CRAM Article November 2007
ROOMINATIONS
Roominations is “the only program on air for homeless people, to give them a soapbox,” says presenter Gerard Ahearne.
The idea for Roominations sprang from Roomers Magazine, a creative writing project for residents of rooming houses, private hotels or supported residential services in the Port Phillip area. Gerard Ahearne is a Housing Worker at Yarra Community Housing. He liked the idea of a participation project for the rooming house community and wanted to start a similar project in the Yarra area, without simply duplicating Roomers Magazine. “And because 3CR is the community station, it just made sense,” Gerard says.
Regular Roominations presenters include Sam Chesser, Tim Stapleton, and performance poet Wendy Butler.

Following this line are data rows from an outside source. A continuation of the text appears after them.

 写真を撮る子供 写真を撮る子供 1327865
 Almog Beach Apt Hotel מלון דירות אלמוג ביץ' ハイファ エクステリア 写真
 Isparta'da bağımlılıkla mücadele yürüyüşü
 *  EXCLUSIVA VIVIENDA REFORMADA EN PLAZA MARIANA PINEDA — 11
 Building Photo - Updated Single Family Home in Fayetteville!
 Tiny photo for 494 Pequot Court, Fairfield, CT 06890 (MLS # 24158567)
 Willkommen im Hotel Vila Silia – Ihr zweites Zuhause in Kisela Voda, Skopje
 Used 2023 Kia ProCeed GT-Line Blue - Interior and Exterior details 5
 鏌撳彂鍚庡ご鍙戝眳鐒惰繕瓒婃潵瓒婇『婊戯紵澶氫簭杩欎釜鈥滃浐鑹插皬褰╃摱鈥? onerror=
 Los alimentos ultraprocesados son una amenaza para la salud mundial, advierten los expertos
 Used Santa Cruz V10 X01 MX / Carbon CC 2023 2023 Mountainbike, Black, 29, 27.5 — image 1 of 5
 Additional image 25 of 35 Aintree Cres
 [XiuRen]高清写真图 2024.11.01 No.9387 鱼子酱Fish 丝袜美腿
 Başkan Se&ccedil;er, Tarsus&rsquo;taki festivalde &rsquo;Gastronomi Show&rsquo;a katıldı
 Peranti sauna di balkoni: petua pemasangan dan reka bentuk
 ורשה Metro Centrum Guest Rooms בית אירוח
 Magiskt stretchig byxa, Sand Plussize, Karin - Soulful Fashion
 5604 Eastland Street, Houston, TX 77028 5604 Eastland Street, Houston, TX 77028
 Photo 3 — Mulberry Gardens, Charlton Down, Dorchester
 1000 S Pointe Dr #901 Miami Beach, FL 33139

They all took part in the Roominations Radio Training Project at 3CR, and found their feet guest programming over last summer. Roominations has been airing weekly on Thursdays since April, and a second training course for new contributors began in September.
The rooming house population is diverse, and Roominations is not exclusively for rooming house residents. “Disadvantage would be a better descriptor for our target audience,” says Gerard.
This throws up an interesting challenge for the Roominations show. “Our audience don’t have radios,” says Gerard. “Homeless people don’t have radios.”
But Roominations is establishing community and sector links to help its audience access the show. For example, Sacred Heart Mission now plays Roominations in its dining room at lunchtime each Thursday.
The program’s content is as diverse as the community it represents. “We invite anyone to talk about anything,” says Gerard.
Sam Chesser, another Roominations presenter and a musician himself, has particularly enjoyed “having artists on the show, sharing their music.”
”Drugs are a big problem in rooming houses and in the milieu of the homeless sub-community,” says Gerard, so Roominations also explores grassroots level health issues. “We’re developing a community health segment with Dot Campbell, a district nurse.”
Roominations has also offered a critical perspective to the positive reception this year of the ABC series The Choir Of Hard Knocks, which Gerard describes as an example of ‘gesture politics’. “Middle class people think they’ve cured homelessness by watching a TV show,” says Gerard. “It trivialises issues, making them flavour of the month.”
But Roominations is in for the long haul. It’s informed by experience and made by and for people dealing each day with homelessness and disadvantage.
“It’s very rewarding,” says Sam. “I hope people are getting something out of it.”